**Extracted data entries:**

*-*-*

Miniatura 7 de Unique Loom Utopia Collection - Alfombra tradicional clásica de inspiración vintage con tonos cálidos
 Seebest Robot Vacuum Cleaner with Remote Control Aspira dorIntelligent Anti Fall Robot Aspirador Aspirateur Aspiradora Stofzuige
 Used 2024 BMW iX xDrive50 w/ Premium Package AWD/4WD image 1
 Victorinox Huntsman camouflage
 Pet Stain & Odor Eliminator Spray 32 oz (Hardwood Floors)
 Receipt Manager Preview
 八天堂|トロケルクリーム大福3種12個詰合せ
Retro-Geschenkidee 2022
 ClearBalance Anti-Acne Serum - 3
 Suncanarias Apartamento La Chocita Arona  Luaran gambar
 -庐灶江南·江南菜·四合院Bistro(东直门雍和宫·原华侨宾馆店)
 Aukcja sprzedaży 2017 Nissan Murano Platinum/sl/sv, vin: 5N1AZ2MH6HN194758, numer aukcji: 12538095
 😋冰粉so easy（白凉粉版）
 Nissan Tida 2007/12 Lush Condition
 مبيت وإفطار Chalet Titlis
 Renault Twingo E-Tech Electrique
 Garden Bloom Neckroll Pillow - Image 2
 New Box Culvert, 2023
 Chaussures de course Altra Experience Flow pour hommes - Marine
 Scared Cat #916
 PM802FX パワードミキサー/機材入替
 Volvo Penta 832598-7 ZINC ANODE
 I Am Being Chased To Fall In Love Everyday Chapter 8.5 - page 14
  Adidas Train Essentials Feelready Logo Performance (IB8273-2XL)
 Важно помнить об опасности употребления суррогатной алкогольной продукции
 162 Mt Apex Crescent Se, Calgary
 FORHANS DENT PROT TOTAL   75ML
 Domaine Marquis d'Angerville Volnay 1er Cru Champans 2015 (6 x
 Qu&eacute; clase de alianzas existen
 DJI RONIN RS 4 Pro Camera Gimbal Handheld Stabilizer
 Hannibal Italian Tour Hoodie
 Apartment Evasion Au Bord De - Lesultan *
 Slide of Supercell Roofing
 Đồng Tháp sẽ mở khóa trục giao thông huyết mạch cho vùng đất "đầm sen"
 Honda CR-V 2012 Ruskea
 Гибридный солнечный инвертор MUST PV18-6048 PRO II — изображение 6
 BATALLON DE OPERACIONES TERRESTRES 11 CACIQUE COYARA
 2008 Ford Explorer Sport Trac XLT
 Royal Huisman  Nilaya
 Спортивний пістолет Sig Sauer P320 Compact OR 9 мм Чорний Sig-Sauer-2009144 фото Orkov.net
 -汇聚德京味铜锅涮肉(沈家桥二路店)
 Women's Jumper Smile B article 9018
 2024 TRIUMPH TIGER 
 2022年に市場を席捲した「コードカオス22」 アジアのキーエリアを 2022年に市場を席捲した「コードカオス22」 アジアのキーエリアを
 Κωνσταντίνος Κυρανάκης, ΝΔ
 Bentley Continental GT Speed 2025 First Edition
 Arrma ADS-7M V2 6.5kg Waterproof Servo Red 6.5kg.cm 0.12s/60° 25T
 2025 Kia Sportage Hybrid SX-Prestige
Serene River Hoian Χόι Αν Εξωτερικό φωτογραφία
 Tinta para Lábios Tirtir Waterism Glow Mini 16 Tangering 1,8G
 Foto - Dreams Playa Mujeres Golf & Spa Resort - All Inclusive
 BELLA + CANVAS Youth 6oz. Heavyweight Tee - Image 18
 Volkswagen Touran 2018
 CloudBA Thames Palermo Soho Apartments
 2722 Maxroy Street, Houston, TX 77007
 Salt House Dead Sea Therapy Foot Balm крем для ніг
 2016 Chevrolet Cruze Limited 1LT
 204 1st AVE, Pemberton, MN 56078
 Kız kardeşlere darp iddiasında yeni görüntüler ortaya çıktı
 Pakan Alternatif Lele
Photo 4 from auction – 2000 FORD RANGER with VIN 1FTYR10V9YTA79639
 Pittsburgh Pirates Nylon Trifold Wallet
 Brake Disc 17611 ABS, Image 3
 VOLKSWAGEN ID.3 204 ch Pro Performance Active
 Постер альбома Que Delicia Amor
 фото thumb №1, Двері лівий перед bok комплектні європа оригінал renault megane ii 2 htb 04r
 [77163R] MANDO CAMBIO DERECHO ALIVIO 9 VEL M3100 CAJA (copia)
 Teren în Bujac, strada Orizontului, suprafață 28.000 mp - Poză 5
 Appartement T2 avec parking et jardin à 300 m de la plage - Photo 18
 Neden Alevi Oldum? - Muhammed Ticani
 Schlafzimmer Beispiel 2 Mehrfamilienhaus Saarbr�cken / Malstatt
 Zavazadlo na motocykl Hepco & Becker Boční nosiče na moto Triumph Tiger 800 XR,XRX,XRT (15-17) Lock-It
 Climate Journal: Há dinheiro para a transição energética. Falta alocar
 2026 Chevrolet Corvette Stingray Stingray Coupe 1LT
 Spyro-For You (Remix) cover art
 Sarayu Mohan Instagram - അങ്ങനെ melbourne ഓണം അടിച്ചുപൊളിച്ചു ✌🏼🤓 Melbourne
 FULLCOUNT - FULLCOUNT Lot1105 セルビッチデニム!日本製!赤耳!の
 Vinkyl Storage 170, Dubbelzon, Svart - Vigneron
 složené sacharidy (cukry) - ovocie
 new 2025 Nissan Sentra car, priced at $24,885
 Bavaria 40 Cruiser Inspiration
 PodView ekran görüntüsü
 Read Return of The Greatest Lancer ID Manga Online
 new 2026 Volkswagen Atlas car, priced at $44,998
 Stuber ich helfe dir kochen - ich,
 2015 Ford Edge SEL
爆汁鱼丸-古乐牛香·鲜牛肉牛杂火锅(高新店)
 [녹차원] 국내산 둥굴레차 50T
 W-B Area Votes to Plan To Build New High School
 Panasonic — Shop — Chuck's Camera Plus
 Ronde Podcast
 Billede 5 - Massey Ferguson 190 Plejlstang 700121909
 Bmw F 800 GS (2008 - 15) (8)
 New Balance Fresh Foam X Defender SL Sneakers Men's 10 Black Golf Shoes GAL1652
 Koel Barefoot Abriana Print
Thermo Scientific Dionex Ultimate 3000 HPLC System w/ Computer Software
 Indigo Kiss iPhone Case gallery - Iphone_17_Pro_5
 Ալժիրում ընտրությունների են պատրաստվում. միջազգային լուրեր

*-*-*

An exact copy of the data, with every line intact, is the required answer.

Miniatura 7 de Unique Loom Utopia Collection - Alfombra tradicional clásica de inspiración vintage con tonos cálidos
 Seebest Robot Vacuum Cleaner with Remote Control Aspira dorIntelligent Anti Fall Robot Aspirador Aspirateur Aspiradora Stofzuige
 Used 2024 BMW iX xDrive50 w/ Premium Package AWD/4WD image 1
 Victorinox Huntsman camouflage
 Pet Stain & Odor Eliminator Spray 32 oz (Hardwood Floors)
 Receipt Manager Preview
 八天堂|トロケルクリーム大福3種12個詰合せ
Retro-Geschenkidee 2022
 ClearBalance Anti-Acne Serum - 3
 Suncanarias Apartamento La Chocita Arona  Luaran gambar
 -庐灶江南·江南菜·四合院Bistro(东直门雍和宫·原华侨宾馆店)
 Aukcja sprzedaży 2017 Nissan Murano Platinum/sl/sv, vin: 5N1AZ2MH6HN194758, numer aukcji: 12538095
 😋冰粉so easy（白凉粉版）
 Nissan Tida 2007/12 Lush Condition
 مبيت وإفطار Chalet Titlis
 Renault Twingo E-Tech Electrique
 Garden Bloom Neckroll Pillow - Image 2
 New Box Culvert, 2023
 Chaussures de course Altra Experience Flow pour hommes - Marine
 Scared Cat #916
 PM802FX パワードミキサー/機材入替
 Volvo Penta 832598-7 ZINC ANODE
 I Am Being Chased To Fall In Love Everyday Chapter 8.5 - page 14
  Adidas Train Essentials Feelready Logo Performance (IB8273-2XL)
 Важно помнить об опасности употребления суррогатной алкогольной продукции
 162 Mt Apex Crescent Se, Calgary
 FORHANS DENT PROT TOTAL   75ML
 Domaine Marquis d'Angerville Volnay 1er Cru Champans 2015 (6 x
 Qu&eacute; clase de alianzas existen
 DJI RONIN RS 4 Pro Camera Gimbal Handheld Stabilizer
 Hannibal Italian Tour Hoodie
 Apartment Evasion Au Bord De - Lesultan *
 Slide of Supercell Roofing
 Đồng Tháp sẽ mở khóa trục giao thông huyết mạch cho vùng đất "đầm sen"
 Honda CR-V 2012 Ruskea
 Гибридный солнечный инвертор MUST PV18-6048 PRO II — изображение 6
 BATALLON DE OPERACIONES TERRESTRES 11 CACIQUE COYARA
 2008 Ford Explorer Sport Trac XLT
 Royal Huisman  Nilaya
 Спортивний пістолет Sig Sauer P320 Compact OR 9 мм Чорний Sig-Sauer-2009144 фото Orkov.net
 -汇聚德京味铜锅涮肉(沈家桥二路店)
 Women's Jumper Smile B article 9018
 2024 TRIUMPH TIGER 
 2022年に市場を席捲した「コードカオス22」 アジアのキーエリアを 2022年に市場を席捲した「コードカオス22」 アジアのキーエリアを
 Κωνσταντίνος Κυρανάκης, ΝΔ
 Bentley Continental GT Speed 2025 First Edition
 Arrma ADS-7M V2 6.5kg Waterproof Servo Red 6.5kg.cm 0.12s/60° 25T
 2025 Kia Sportage Hybrid SX-Prestige
Serene River Hoian Χόι Αν Εξωτερικό φωτογραφία
 Tinta para Lábios Tirtir Waterism Glow Mini 16 Tangering 1,8G
 Foto - Dreams Playa Mujeres Golf & Spa Resort - All Inclusive
 BELLA + CANVAS Youth 6oz. Heavyweight Tee - Image 18
 Volkswagen Touran 2018
 CloudBA Thames Palermo Soho Apartments
 2722 Maxroy Street, Houston, TX 77007
 Salt House Dead Sea Therapy Foot Balm крем для ніг
 2016 Chevrolet Cruze Limited 1LT
 204 1st AVE, Pemberton, MN 56078
 Kız kardeşlere darp iddiasında yeni görüntüler ortaya çıktı
 Pakan Alternatif Lele
Photo 4 from auction – 2000 FORD RANGER with VIN 1FTYR10V9YTA79639
 Pittsburgh Pirates Nylon Trifold Wallet
 Brake Disc 17611 ABS, Image 3
 VOLKSWAGEN ID.3 204 ch Pro Performance Active
 Постер альбома Que Delicia Amor
 фото thumb №1, Двері лівий перед bok комплектні європа оригінал renault megane ii 2 htb 04r
 [77163R] MANDO CAMBIO DERECHO ALIVIO 9 VEL M3100 CAJA (copia)
 Teren în Bujac, strada Orizontului, suprafață 28.000 mp - Poză 5
 Appartement T2 avec parking et jardin à 300 m de la plage - Photo 18
 Neden Alevi Oldum? - Muhammed Ticani
 Schlafzimmer Beispiel 2 Mehrfamilienhaus Saarbr�cken / Malstatt
 Zavazadlo na motocykl Hepco & Becker Boční nosiče na moto Triumph Tiger 800 XR,XRX,XRT (15-17) Lock-It
 Climate Journal: Há dinheiro para a transição energética. Falta alocar
 2026 Chevrolet Corvette Stingray Stingray Coupe 1LT
 Spyro-For You (Remix) cover art
 Sarayu Mohan Instagram - അങ്ങനെ melbourne ഓണം അടിച്ചുപൊളിച്ചു ✌🏼🤓 Melbourne
 FULLCOUNT - FULLCOUNT Lot1105 セルビッチデニム!日本製!赤耳!の
 Vinkyl Storage 170, Dubbelzon, Svart - Vigneron
 složené sacharidy (cukry) - ovocie
 new 2025 Nissan Sentra car, priced at $24,885
 Bavaria 40 Cruiser Inspiration
 PodView ekran görüntüsü
 Read Return of The Greatest Lancer ID Manga Online
 new 2026 Volkswagen Atlas car, priced at $44,998
 Stuber ich helfe dir kochen - ich,
 2015 Ford Edge SEL
爆汁鱼丸-古乐牛香·鲜牛肉牛杂火锅(高新店)
 [녹차원] 국내산 둥굴레차 50T
 W-B Area Votes to Plan To Build New High School
 Panasonic — Shop — Chuck's Camera Plus
 Ronde Podcast
 Billede 5 - Massey Ferguson 190 Plejlstang 700121909
 Bmw F 800 GS (2008 - 15) (8)
 New Balance Fresh Foam X Defender SL Sneakers Men's 10 Black Golf Shoes GAL1652
 Koel Barefoot Abriana Print
Thermo Scientific Dionex Ultimate 3000 HPLC System w/ Computer Software
 Indigo Kiss iPhone Case gallery - Iphone_17_Pro_5
 Ալժիրում ընտրությունների են պատրաստվում. միջազգային լուրեր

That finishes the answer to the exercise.